OUR LIVES MATTERBlack History is Still Confined to the Margins of the Education System
Teacher Dr Cheryl Diane Parkinson explains how students are taught to equate Britishness with whiteness
I came across a young dual-heritage student recently in my school who pointed out a black and white A5 poster stuck on an empty white wall, advertising Black History Month.
A conversation began around the Black Lives Matter movement before a white student groaned, waved his hands around animatedly and said: “For God’s sake, all lives matter!”
The boy is 11 years old and seems to have absorbed the divisive misinformation peddled by the National Curriculum.
Boris Johnson’s Government is fixated with ‘British values’, yet the students I come across on a daily basis are taught the opposite.
According to Ofsted, which inspects schools, “fundamental British values” comprise “individual liberty” and “mutual respect for and tolerance of those with different faiths and beliefs, and for those without faith”. But the teaching demanded in schools does not correlate with these ideals.
Students are unaware of black Georgians, Victorians and Romans. And they aren’t told about the racist pseudo-science that developed on the tails of the Enlightenment period. Fundamentally, there is still an underlying attitude that Britishness equates to whiteness, and a lack of interest in the experience of the black community.
The belief that ‘black issues’ are separate from national issues comes all the way from the top. In response to this Summer’s Black Lives Matter protests, the Prime Minister has convened another “cross-governmental commission” to investigate racial disparities in education, health and criminal justice. But this is arguably just another attempt to placate the black British community. Lord Woolley, mirroring Labour’s Shadow Justice Secretary David Lammy, has accused Johnson of not sincerely pursuing “meaningful change”.
Just as history has been divided into black and white – with one portrayed as dominant and superior – ‘black issues’ have been separated and marginalised by the Government.
Fearing the Other
The history taught in schools is fragmented, despite the very word implying a complete and accurate record.
Students grow into adults without a full, contextual understanding of Britain’s past and what it means to be British; ignorant that black people helped build the country, from trade to slavery, contributing to science and inventions.
With education leaving out the contributions of people of colour, what’s left is white history and the illusion that this is the truth. But lies are embedded within the fabric of Britain, characterised by the myth of white enlightenment. These lies are regurgitated by the National Curriculum, giving white people a false sense of ownership over a country they co-built with people of colour.
In 2020, we are still in Britain haunted by the white fear and ignorance illustrated by Enoch Powell’s infamous ‘Rivers of Blood’ speech. “In this country in 15 or 20 years’ time, the black man will have the whip hand over the white man,” Powell said in April 1968.
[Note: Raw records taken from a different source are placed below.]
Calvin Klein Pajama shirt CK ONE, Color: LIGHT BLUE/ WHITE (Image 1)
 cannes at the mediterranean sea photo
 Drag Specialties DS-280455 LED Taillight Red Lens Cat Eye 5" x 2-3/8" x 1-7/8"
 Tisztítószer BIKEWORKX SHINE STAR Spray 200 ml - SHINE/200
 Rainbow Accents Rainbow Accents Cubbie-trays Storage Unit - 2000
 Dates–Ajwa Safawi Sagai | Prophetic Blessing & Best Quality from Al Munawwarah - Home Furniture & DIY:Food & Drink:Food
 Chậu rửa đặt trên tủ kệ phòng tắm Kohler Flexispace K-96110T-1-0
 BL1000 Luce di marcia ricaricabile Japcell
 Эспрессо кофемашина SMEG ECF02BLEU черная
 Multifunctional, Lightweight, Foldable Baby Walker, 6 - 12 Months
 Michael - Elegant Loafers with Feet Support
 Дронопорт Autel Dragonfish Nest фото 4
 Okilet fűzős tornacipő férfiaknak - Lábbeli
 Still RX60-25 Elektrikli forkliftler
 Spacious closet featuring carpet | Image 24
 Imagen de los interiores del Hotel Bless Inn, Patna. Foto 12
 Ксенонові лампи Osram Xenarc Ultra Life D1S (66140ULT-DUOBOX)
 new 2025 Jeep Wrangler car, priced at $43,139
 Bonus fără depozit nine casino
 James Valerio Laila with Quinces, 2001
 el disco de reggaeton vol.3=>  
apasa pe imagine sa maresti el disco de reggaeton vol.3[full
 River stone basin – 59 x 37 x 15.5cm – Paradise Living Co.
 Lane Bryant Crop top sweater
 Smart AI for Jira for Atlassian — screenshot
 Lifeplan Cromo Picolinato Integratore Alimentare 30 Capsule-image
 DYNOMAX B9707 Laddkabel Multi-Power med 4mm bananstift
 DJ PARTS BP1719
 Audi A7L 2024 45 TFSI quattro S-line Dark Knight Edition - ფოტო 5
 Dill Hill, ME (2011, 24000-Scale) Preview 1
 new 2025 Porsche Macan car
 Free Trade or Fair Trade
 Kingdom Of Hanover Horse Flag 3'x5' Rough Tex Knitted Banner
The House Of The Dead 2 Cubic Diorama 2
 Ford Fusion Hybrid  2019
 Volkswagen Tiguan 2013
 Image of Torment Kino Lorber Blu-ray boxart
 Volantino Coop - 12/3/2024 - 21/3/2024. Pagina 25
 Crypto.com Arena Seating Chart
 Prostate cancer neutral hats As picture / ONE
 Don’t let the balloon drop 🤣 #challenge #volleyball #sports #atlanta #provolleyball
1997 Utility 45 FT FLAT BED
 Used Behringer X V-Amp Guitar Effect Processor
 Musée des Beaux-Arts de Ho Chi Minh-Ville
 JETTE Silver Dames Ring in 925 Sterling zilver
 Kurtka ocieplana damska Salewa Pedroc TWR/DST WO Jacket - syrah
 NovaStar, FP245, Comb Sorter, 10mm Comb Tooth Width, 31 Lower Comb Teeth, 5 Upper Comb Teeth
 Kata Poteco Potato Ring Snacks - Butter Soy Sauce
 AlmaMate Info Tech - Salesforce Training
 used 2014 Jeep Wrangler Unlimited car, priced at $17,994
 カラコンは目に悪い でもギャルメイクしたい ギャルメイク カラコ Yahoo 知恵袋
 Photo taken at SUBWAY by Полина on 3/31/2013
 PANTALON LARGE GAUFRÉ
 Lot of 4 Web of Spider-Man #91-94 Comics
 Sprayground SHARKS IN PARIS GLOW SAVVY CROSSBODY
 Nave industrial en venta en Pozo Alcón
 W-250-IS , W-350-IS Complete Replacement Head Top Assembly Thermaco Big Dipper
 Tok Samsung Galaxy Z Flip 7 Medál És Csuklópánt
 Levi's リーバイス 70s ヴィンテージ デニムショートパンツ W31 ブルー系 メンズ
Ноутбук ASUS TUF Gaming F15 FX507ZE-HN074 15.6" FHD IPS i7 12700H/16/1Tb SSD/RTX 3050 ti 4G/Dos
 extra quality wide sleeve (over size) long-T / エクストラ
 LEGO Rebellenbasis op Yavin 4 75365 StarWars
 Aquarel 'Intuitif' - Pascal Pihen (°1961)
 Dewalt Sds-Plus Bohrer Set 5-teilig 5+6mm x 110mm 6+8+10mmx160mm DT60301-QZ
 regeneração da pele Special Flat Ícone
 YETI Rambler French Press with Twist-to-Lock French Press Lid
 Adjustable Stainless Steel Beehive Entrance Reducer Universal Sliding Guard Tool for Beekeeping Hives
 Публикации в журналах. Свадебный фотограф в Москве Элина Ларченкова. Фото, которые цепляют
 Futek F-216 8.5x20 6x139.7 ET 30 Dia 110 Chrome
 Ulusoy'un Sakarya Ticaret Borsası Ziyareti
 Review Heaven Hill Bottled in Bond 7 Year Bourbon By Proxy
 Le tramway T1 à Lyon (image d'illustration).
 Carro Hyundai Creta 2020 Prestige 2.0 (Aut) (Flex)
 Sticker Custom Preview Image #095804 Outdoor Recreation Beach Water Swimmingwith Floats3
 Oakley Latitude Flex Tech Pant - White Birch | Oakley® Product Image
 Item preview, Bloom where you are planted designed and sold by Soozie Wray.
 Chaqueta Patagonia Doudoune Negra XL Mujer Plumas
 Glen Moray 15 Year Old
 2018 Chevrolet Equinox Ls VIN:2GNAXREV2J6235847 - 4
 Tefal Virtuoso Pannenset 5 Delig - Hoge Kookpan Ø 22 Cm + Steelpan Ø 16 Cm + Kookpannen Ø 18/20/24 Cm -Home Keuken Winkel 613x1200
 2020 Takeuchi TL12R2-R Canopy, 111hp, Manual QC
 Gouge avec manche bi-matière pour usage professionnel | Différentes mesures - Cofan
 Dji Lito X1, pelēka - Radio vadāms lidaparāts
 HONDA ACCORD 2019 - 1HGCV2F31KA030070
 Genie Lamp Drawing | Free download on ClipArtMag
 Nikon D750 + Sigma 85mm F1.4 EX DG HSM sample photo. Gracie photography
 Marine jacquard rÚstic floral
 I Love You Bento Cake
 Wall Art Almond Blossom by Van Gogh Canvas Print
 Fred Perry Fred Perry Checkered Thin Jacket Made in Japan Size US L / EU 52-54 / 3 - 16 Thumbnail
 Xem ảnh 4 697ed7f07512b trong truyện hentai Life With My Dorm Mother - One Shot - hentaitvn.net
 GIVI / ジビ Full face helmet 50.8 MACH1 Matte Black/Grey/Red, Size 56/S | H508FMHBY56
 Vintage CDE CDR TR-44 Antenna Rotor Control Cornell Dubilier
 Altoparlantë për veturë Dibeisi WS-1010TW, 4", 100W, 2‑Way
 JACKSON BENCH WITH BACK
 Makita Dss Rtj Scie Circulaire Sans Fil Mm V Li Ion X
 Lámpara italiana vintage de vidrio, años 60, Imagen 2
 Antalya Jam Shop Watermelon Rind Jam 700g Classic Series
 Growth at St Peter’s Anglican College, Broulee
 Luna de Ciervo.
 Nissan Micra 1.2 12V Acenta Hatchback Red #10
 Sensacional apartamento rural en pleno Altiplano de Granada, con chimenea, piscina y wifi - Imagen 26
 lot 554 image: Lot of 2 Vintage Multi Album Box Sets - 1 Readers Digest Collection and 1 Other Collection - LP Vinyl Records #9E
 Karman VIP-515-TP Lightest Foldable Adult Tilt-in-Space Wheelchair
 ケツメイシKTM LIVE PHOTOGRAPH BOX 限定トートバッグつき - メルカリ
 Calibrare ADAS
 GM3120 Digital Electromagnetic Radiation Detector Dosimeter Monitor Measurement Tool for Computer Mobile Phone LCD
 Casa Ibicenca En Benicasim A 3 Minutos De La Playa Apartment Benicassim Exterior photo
Such marginalisation has understandably left the black community rallying for change, exasperated at non-action. It does not seek revenge – and yet there is the underlying fear that black people will treat white people as they have been treated.
And so, despite the desperate need for Black History Month, it is largely window dressing, with the contribution of black communities in Britain so ignored that an 11-year-old white boy feels emboldened to tell his black teacher that “all lives matter”.